3. Snap up discount products
Many stores offer yellow sticker discounts for products that are about to expire or are about to expire their ‘best before’ date. In many cases, the discounts are big and the products will be as good as the day before
According to the Food Standards Agency, “the best pre-dates are not quality and safety.” This means that the texture or smell of the food may not be the best after that date, but it will still be perfectly safe.
4. Use cashback sites
Places like Quidco and Topcashback will give you a percentage of your purchase back if you buy things through their links.
5. Change the way you look for things on shelves
According to NetVoucherCodes.co.uk, supermarkets strategically place their most profitable items at eye level. To find better deals, look up or down to see if the products are cheap.
It’s worth checking out the World Food Corridor. Things like spices and sauces are often cheaper than buying local brands.
6. Take advantage of coupons
If you ignore the coupon, you are missing out. Couponing should not be difficult or time consuming. You can start looking for voucher discounts on the packaging of your purchased products or even on your supermarket receipts.

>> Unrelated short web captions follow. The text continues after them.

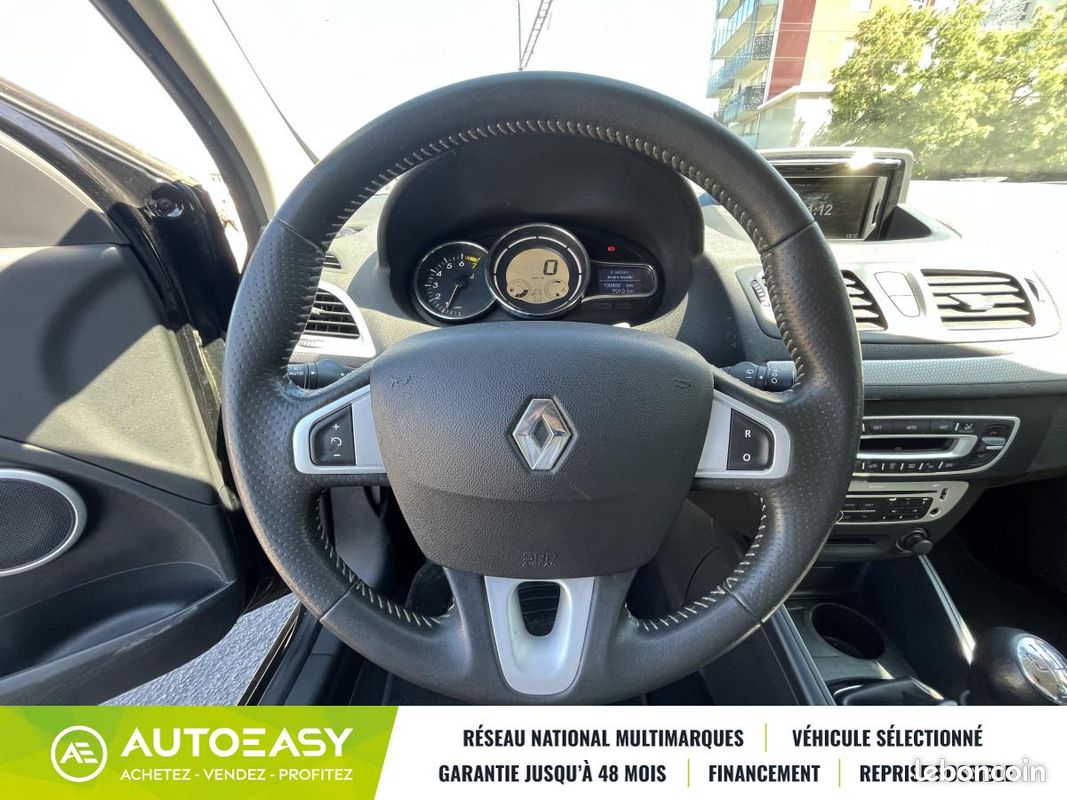 Renault Megane III Phase 2 Hatchback 1.2 TCE 16V ECO2 S&S (image 16)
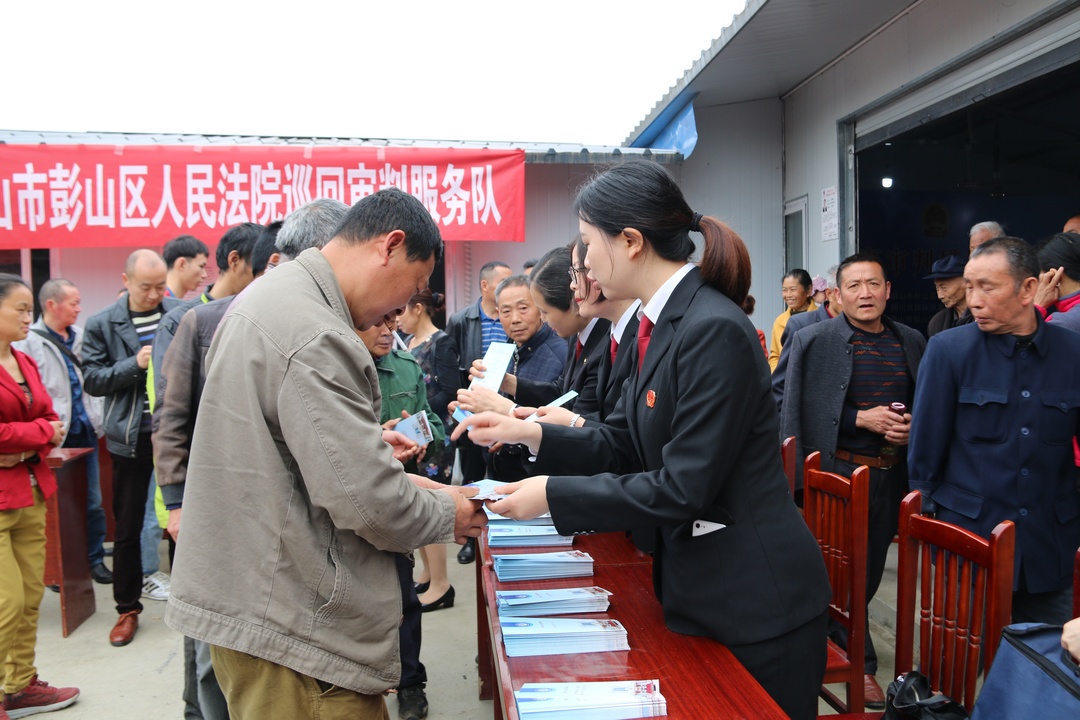 巡回審判服務(wù)隊(duì)進(jìn)鄉(xiāng)鎮(zhèn)。.jpg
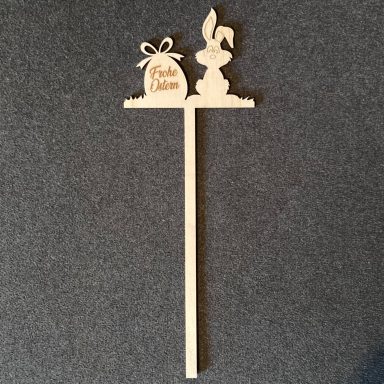 Dekorativer Holzstecker mit einem Hasen und einem Osterei.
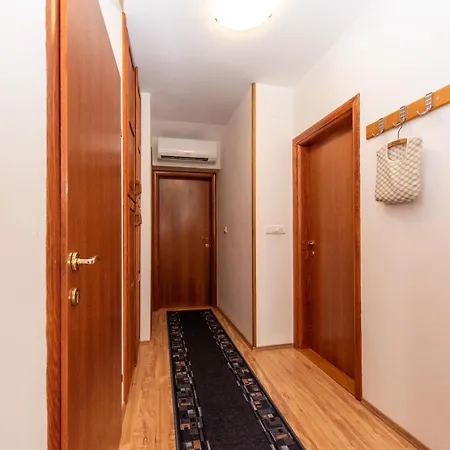 Andrijana Apartamento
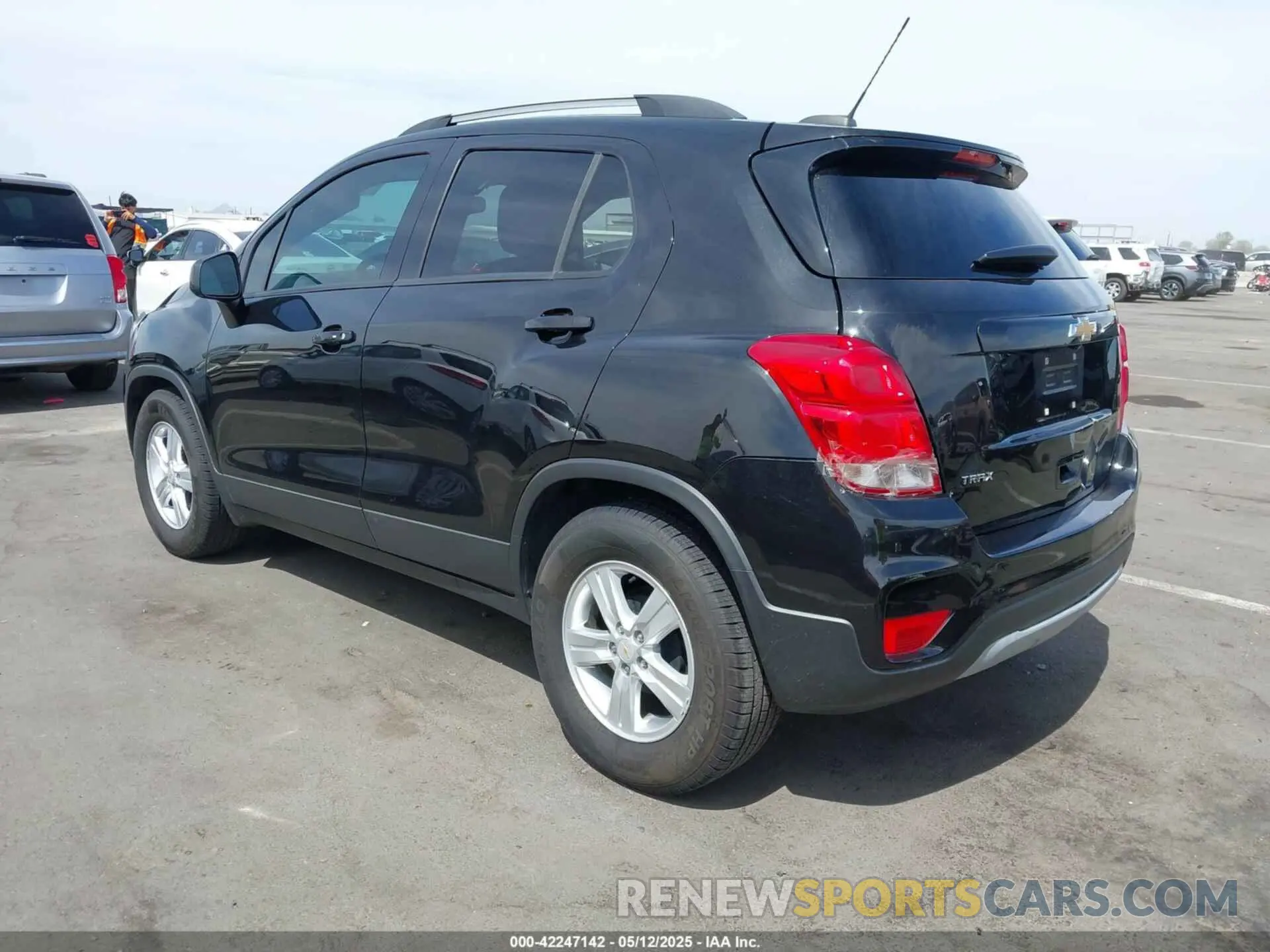 3 Фотография поврежденного автомобиля KL7CJLSB8MB342684 CHEVROLET TRAX 2021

7. Make sure a discounted product is actually cheap
Simply identifying something as ‘on sale’ does not mean that it is cheap. In fact, you may still be able to get a different brand at a lower price than the discount. Always ask questions about great deals and look for alternatives before making a decision.
8. Don’t read for clever marketing
Things like ‘Value Pack’ and ‘Mini Pack’ are designed to appeal to your sense of convenience and interest in saving. But none of this is cheaper than buying regular sized packs. Make sure you read the labels and compare weights and prices when shopping.
9. Do not waste residue
The British waste 250 million pounds of food a week – and the rest is something they don’t know what to do. You can always freeze batches of food for later. However, you can also use pre-cooked vegetables to add to pasta, sauces or soups. Or you can mix the remaining rice with beans or eggs for a quick meal.